The Maximum Resets Every Year
Your progress toward the coinsurance maximum resets to zero at the start of each plan year. For most employer plans, the plan year runs January through December. Marketplace plans also follow the calendar year. Some employer plans use a different start date (like July 1), so check your benefits summary if you’re unsure.
This reset matters most if you’re planning a major procedure. If you’ve already spent $7,000 toward a $9,200 maximum in October, scheduling additional care before December 31 means your insurer picks up nearly all of it. Waiting until January restarts the clock, and you’d pay your full deductible and coinsurance again from scratch.

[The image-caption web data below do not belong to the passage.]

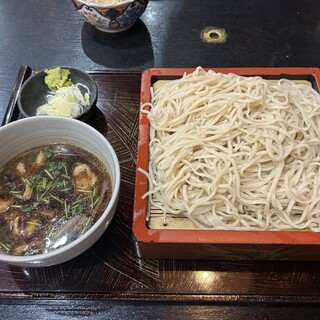 やぶ久_1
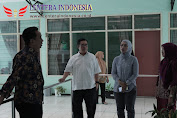 Polresta Malang Kota Bersama Pemkot Bangun "Rumah Aman" untuk Korban Kekerasan dan Pelecehan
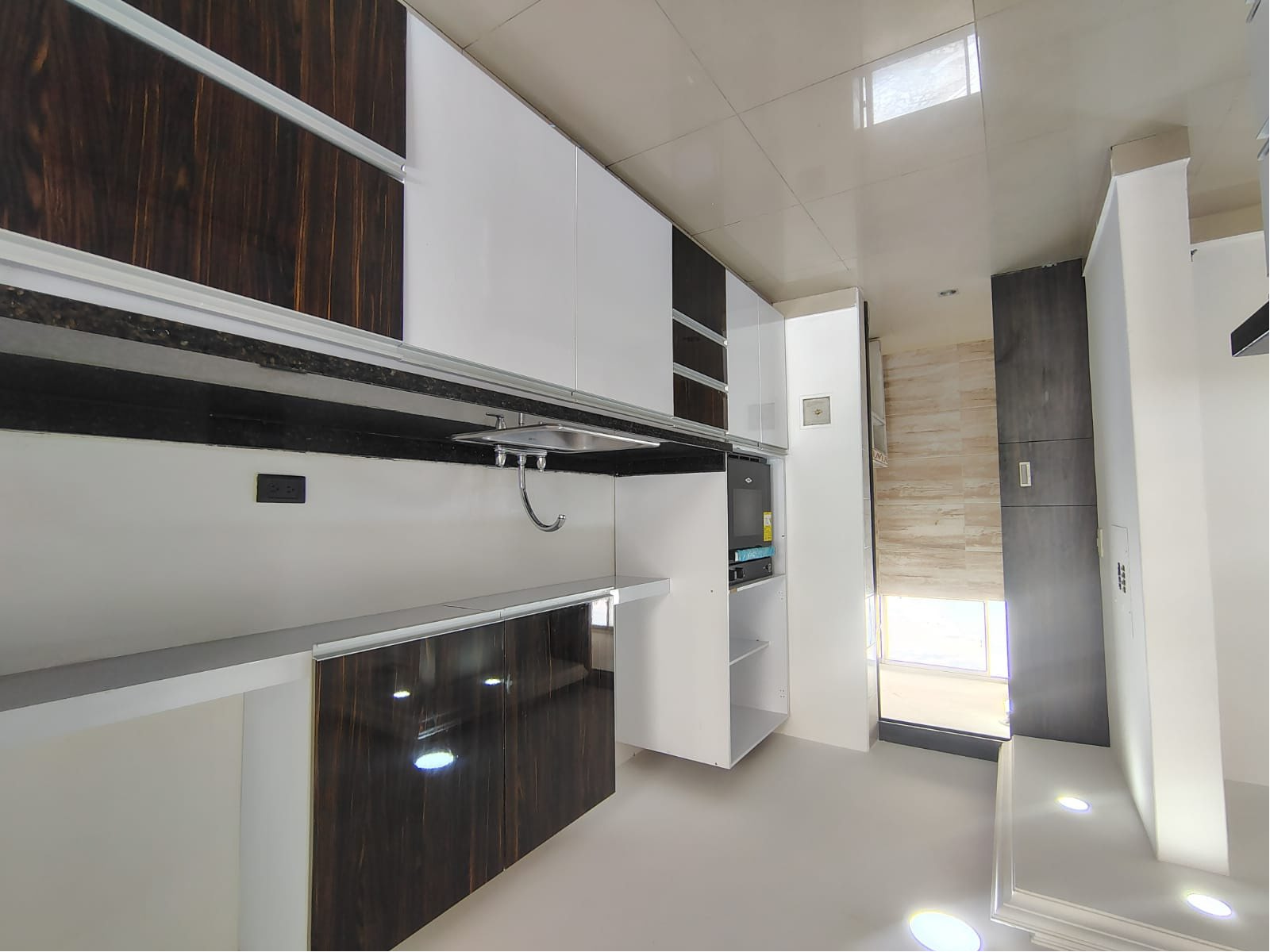 APARTAMENTO EN ARRIENDO AL NORTE DE CALI PRADOS DEL NORTE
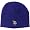 Minnesota Vikings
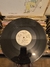 Tracey Thorn - A Distant Shore na internet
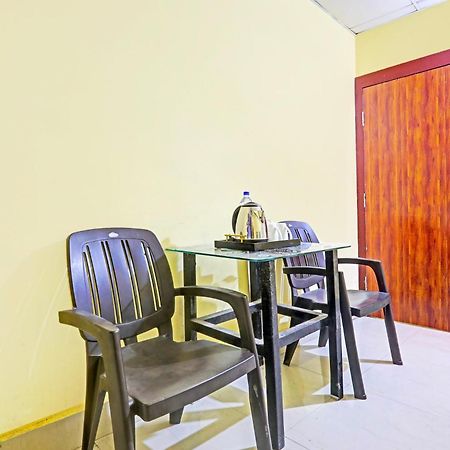 Hotel O Payal Palace Kendrapara Exterior photo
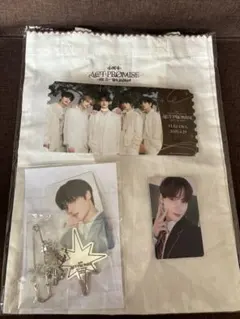 TXTアプグレ特典 福岡 MOAゾーントレカ ヒュニンカイ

Why the Number on Your Plan May Differ
The federal limits are ceilings, not standard amounts. Plans vary widely in where they set the actual maximum. A Bronze plan on the Marketplace might set it right at the federal cap of $9,200, while a Gold or Platinum plan might set it at $4,000 or $5,000. Generally, plans with higher monthly premiums have lower out-of-pocket maximums, and vice versa.
When comparing plans, look at the deductible, the coinsurance percentage, and the out-of-pocket maximum together. A plan with a low deductible but high coinsurance percentage can still result in high total costs before you hit the cap. The maximum is your worst-case scenario for covered, in-network care in a given year, so it’s the single most important number if you’re worried about a major health event.